Try it: Scan the material for the word "Dress" and return every matching line.
Given information below:
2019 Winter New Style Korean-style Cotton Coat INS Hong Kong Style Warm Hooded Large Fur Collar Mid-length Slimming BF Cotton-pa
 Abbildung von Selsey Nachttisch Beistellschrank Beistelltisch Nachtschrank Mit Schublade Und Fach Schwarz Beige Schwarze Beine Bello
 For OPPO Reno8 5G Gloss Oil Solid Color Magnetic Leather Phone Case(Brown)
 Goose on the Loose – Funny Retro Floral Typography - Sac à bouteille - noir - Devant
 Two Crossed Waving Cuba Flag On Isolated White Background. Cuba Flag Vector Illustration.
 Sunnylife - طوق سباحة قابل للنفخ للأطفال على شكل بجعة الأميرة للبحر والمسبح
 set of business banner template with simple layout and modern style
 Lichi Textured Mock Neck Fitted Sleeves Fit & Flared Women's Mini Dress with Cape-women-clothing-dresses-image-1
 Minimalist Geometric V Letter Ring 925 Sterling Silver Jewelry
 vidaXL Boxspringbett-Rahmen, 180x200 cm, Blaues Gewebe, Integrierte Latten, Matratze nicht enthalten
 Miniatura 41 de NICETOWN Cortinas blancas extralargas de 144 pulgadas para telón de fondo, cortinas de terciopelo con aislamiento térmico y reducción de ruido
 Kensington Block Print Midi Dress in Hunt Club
End of Given information.
The completed task:
 Lichi Textured Mock Neck Fitted Sleeves Fit & Flared Women's Mini Dress with Cape-women-clothing-dresses-image-1
 Kensington Block Print Midi Dress in Hunt Club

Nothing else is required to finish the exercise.